Your answer must be the lines from the one containing "Dolce Gusto - Lungo" through the last line of the records below, copied exactly, with the pictures left out.

**Stored dataset items**.
====
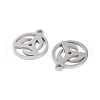 Non-Tarnish 316 Surgical Stainless Steel Charms STAS-C096-11E-P-2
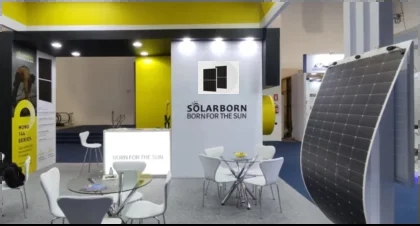 Solarborn First time show flexible solar panel in South America!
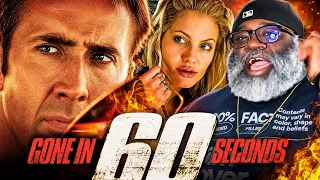 I Watched GONE IN 60 SECONDS For The First Time And IT Was INSANE MOVIE REACTION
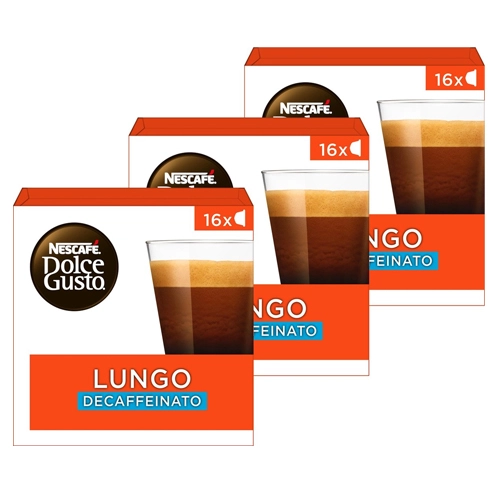 Dolce Gusto - Lungo Decaffeinato - 3x 16 Kapseln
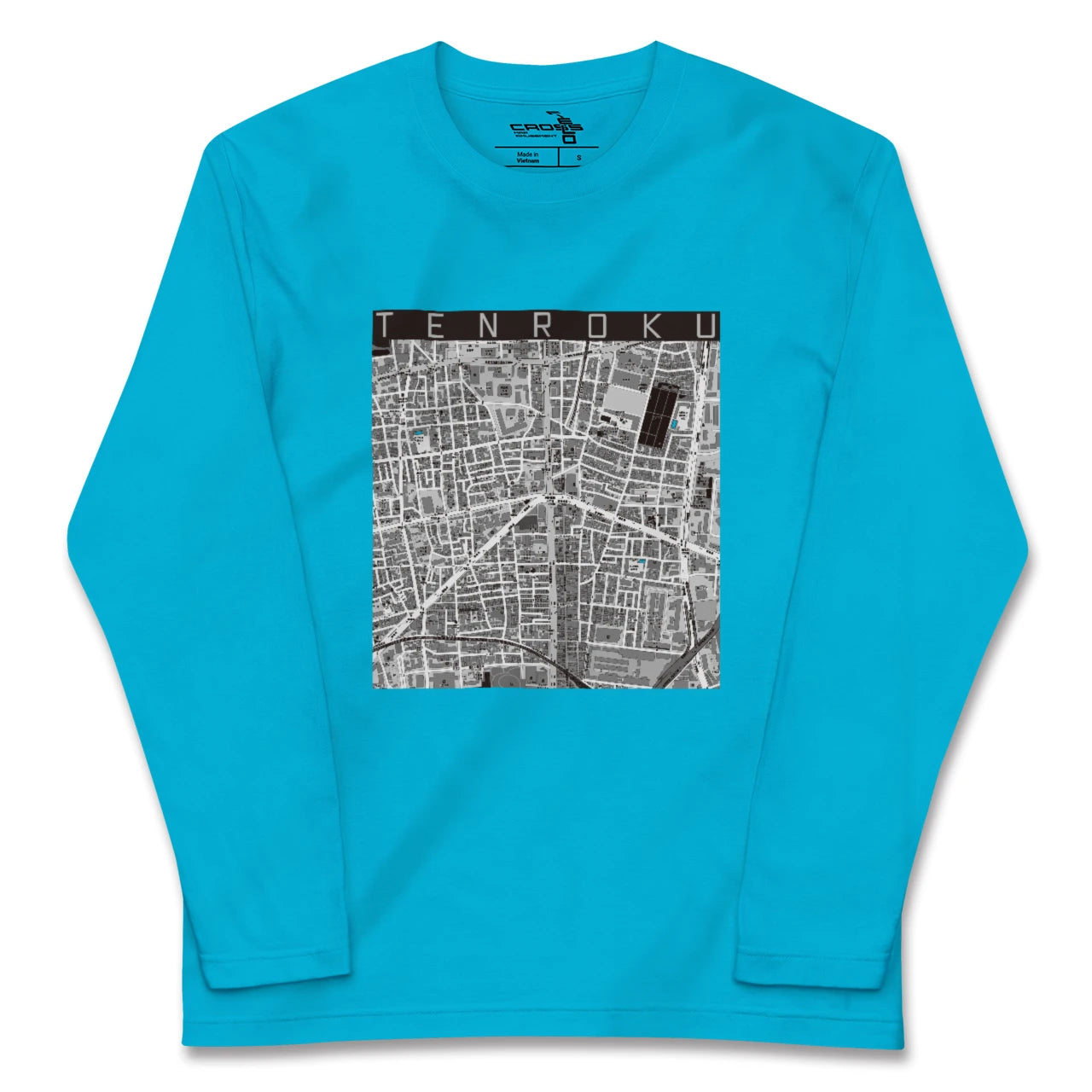 【天六(大阪府)】地図柄ロングスリーブTシャツ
====
**REPLY TO THE TASK**.
 Dolce Gusto - Lungo Decaffeinato - 3x 16 Kapseln
 【天六(大阪府)】地図柄ロングスリーブTシャツ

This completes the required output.